La Russia si rivolge a tutte le forze politiche venezuelane disposte al dialogo, per trovare una soluzione civile e pacifica alla crisi interna che attraversa il paese dell'America Latina. Soluzione che può unicamente avvenire nel rispetto delle leggi, della Costituzione venezuelana e della sovranità del Paese. Perché le ingerenze esterne a sostegno delle proteste e degli scontri di piazza, continua la Zakharova, portano soltanto ad un disastroso aggravarsi della crisi e non conducono a nulla, se non a "caos, spargimenti di sangue e tragedie umane".

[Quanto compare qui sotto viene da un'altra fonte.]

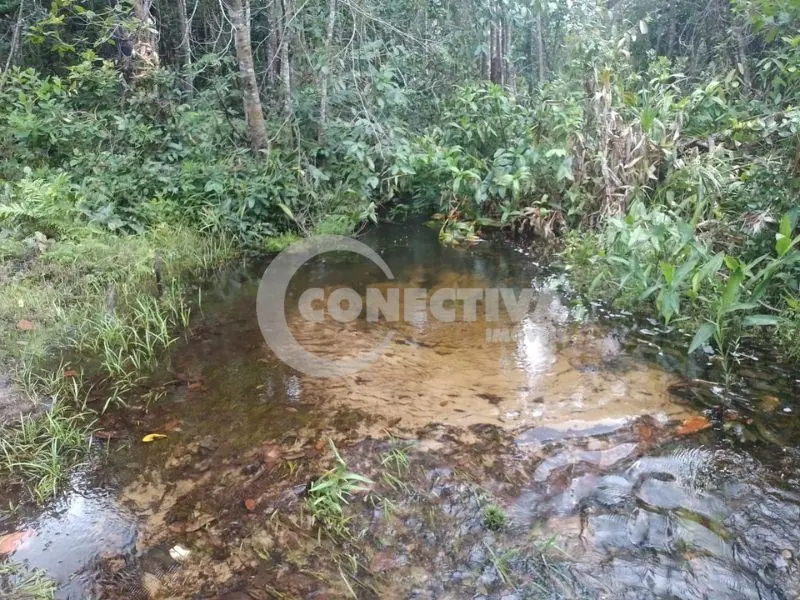  Comentários do corretor: Excelente fazenda 600 alqueires ou 2.880 hectares, dup...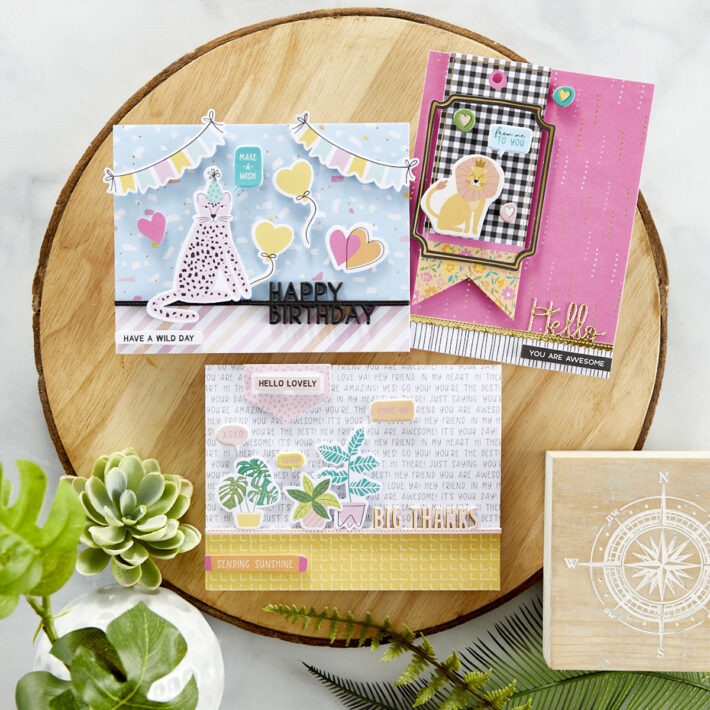 June 2021 Card Kit of the Month is Here – Wild Hello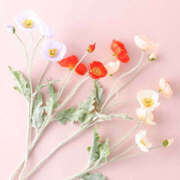 ヒメ日記 2025/12/21 22:06 投稿 しの 治療院.LOVE 宇都宮店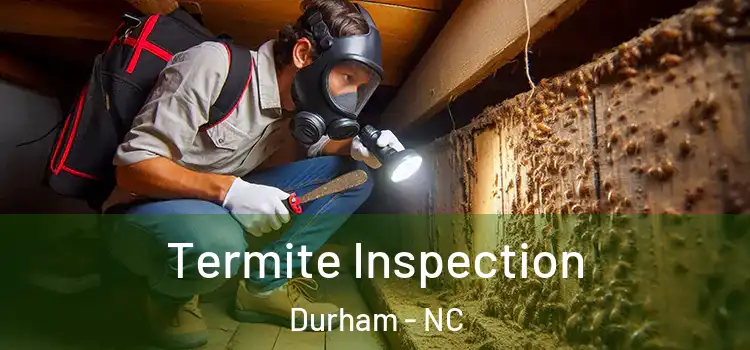 Termite Inspection Durham - NC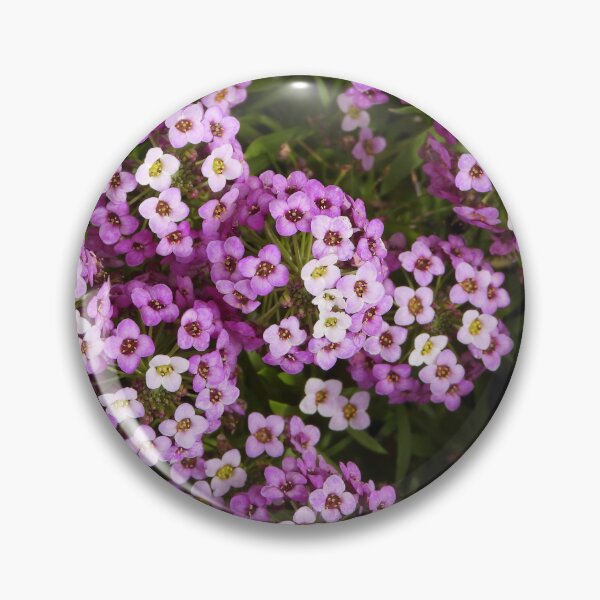 Artikelvorschau, Lila Blüten ... Steinkraut entworfen und verkauft von Jenny Dyer.
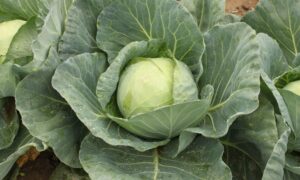 Bronco Cabbage (Not Treated)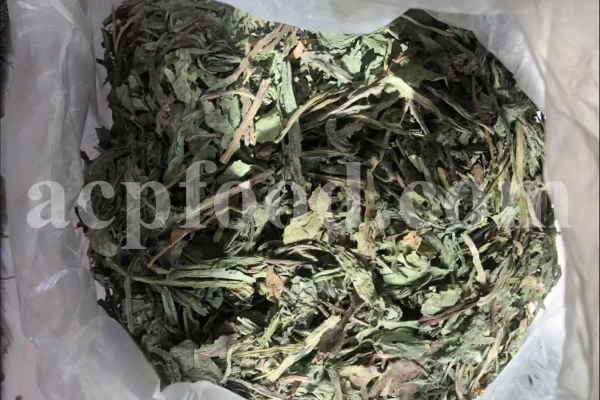Cichorium intybus tea. Cichorium intybus root. Dried chicory flowers for sale. Buy wild chicory leaves. Buy chicory. Chicory for sale. chicory price. Bulk chicory tea. Chicory root wholesale. Chicory root tea.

Ne esce così confermata e rafforzata, a più di un mese dall'inizio delle violente manifestazioni contro il governo di Caracas, la linea russa sulla crisi venezuelana, che Mosca aveva già espresso lo scorso aprile per voce del direttore del dipartimento per l'America Latina della Cancelleria Russa, Alexandr Schetinin. Una posizione definita da tre parole - Costituzione, dialogo e non ingerenza - che, in sostanza, avalla le preoccupazioni del governo di Caracas riguardo l'utilizzo delle manifestazioni per creare caos, ingovernabilità e provocare un colpo di stato, con il sostegno della comunità internazionale.


La Zakharova, infine, invita gli Stati Uniti e gli altri attori internazionali a non avere un ruolo distruttivo, ma a cooperare assieme per sminuire le tensioni nel paese latino-americano.